I took a big ol’ break from writing while on vacation last week. There were days and days of not writing; like, four of them in a row.
I thought not writing for a little bit was a good idea.
I thought I’d use my time to go for a walk or fourteen in the sun. To spend dedicated time with Greg. To eat pizza from a brick oven and fresh pasta with pesto sauce.
I thought I’d unplug and rest.
I thought wrong.
Truth be told, I didn’t much like not writing. It kind of sucked. And, in combination with missing my kids, it made me a teensy, tiny bit crazy. Like, nuts. Like, out of my head. Like irritable and grouchy and short-tempered like I often am, but without my writing pressure-release valve. Like, Greg didn’t ship me across the ocean on the first available sea barge but only because he’s nice to me in ways I don’t earn (and also probably a little bit because I offer him seven fabulous minutes every now and then).
It turns out, I need to write to dislodge the clogs that build up in my head. Like a chimney sweep with a big, bristly brush, I need to push through the dark toward the light, even those I know something messy will undoubtedly fall out.
I also missed writing because of all of you who admit you’re traveling the Crazy Road with me. I missed having you in my head to remind me that the insanity is normal so we can debunk the pressure of perfection together. I realize now that I’m home that I find my most authentic Village in the land of confessed imperfection, and I miss this home when I’m away.
So I wrote today in between bouts of caring for a sick kid. The writing felt good. The sick kid is getting better. And I have new posts coming soon. Tomorrow, I think.
Bear with me for a little bit longer while I poke around in my head. And thanks for hanging in there with me.
P.S. You can thank me later for changing my chimney analogy from a zit analogy. I did it because I like you. And because I didn’t want you to ralph on your computer.
I give and I give.
13 responses to “More Soon”
Funny, and thanks for not makin’ me ralph not my laptop, I can afford a new one if this one shorts out! I’m glad started following you.
Me, too, Sonja. Welcome here!
I just have to say, you’re hilarious! (And I’m so glad you chose the chimney sweep analogy instead!) Welcome home!
Hehe! My pleasure! 😉
I haven’t checked in in awhile. Where did you go on vacay?

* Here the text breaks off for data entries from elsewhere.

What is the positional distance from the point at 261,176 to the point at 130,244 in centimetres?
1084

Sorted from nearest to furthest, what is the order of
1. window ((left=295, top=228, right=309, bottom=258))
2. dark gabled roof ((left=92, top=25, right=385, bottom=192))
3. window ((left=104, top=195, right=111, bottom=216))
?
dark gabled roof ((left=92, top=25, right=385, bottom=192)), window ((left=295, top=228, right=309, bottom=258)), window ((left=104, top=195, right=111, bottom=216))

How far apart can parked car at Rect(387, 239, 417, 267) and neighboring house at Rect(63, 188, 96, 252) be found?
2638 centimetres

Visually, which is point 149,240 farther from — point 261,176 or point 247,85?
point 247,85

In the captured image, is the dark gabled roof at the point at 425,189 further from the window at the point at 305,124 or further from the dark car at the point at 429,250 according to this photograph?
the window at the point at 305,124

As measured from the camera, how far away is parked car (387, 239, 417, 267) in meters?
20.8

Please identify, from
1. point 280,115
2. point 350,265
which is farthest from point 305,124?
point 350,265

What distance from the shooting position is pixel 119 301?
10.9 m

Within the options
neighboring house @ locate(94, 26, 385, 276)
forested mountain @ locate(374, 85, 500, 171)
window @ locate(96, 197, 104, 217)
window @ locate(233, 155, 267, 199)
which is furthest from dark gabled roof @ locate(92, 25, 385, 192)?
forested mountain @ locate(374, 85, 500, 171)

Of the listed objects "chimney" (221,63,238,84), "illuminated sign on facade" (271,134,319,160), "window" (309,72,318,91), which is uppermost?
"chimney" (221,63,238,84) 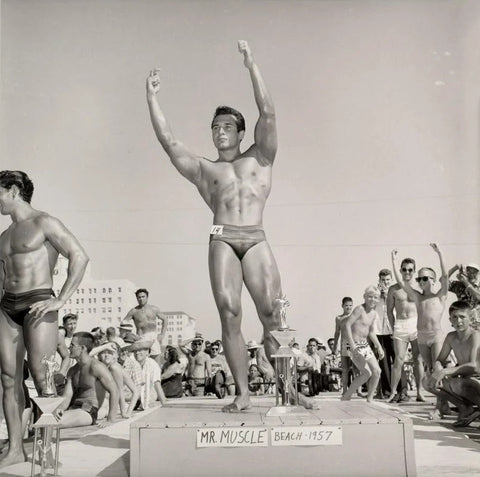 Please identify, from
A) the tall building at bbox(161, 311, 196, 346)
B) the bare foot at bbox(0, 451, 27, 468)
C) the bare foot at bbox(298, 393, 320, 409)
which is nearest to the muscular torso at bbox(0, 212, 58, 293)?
the bare foot at bbox(0, 451, 27, 468)

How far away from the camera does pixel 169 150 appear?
397 centimetres

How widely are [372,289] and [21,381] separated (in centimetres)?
452

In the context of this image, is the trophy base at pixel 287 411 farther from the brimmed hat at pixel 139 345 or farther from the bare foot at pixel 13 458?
the brimmed hat at pixel 139 345

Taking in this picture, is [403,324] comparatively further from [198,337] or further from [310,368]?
[198,337]

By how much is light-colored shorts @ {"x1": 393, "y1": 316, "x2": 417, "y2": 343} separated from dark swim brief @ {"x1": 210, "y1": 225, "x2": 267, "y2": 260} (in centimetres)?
404

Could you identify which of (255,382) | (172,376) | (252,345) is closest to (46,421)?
(172,376)

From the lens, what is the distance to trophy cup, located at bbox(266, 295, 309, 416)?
3303 mm

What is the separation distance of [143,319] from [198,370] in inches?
67.2

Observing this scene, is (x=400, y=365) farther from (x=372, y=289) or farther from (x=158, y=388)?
(x=158, y=388)

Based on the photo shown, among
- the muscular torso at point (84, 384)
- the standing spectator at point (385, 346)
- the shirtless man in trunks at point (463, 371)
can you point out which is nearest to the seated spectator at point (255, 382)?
the standing spectator at point (385, 346)

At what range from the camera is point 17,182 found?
12.2 feet

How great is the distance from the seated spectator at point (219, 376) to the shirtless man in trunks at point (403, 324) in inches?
94.2

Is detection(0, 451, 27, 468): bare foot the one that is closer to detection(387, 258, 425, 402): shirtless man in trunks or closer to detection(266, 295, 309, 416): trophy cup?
detection(266, 295, 309, 416): trophy cup

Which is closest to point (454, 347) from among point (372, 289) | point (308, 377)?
point (372, 289)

Oh my gosh. LONGEST STORY EVER. We didn’t go where we intended to go because Cael started throwing up on Mother’s Day, about 8 hours before we were supposed to leave. We delayed our trip by 2 days to be with our sick kiddo, and thanks to many accommodating friends/family and plane tickets via my dad, we put together an amazing trip that lasted 6 days. If I can find some emotional wherewithal, I’ll write it out.
Ha! Thanks so much for changing the analogy. I am, in fact, eating my breakfast while reading my fave blogs. ( ;
I get the writing thing. I get the missing kids thing. I hope you also have amazing memories from when you were away, but glad you’re back.
Although I’m sure your breakfast would’ve been improved by my zit analogy, I’m glad I preserved your keyboard. 🙂
I know exactly what you mean! Recently I adjusted my work schedule to 4 10 hour days so I could spend Friday writing. I can’t believe how much better I feel! I also can’t believe that I used to go for months without writing ANYTHING…no wonder I was so cranky 🙂
One again, your words ‘hit the spot’. I have often thought that a chimney-sweep-type brush would be effective in cleaning out a stubborn zit, messy brain, out stubborn head cold….
Not the point? Er, welcome back? Glad , that the profusion of writing helps you AND that you got a chance to ‘ hold hands’ with Greg for a bit without kids interrupting. Sorry that sickness hung around to welcome you when you got home. And now I must try to go back to sleep and dream of chimney brushes in the hopes that it will clean out my sinuses by morning.
*Once again…. *stubborn head cold….
Sorry, periods of my ”Swype” keypad and typing one handed on my phone.
HA! I clearly could’ve used my soupy zit analogy w/ you Terri. 😉 Love.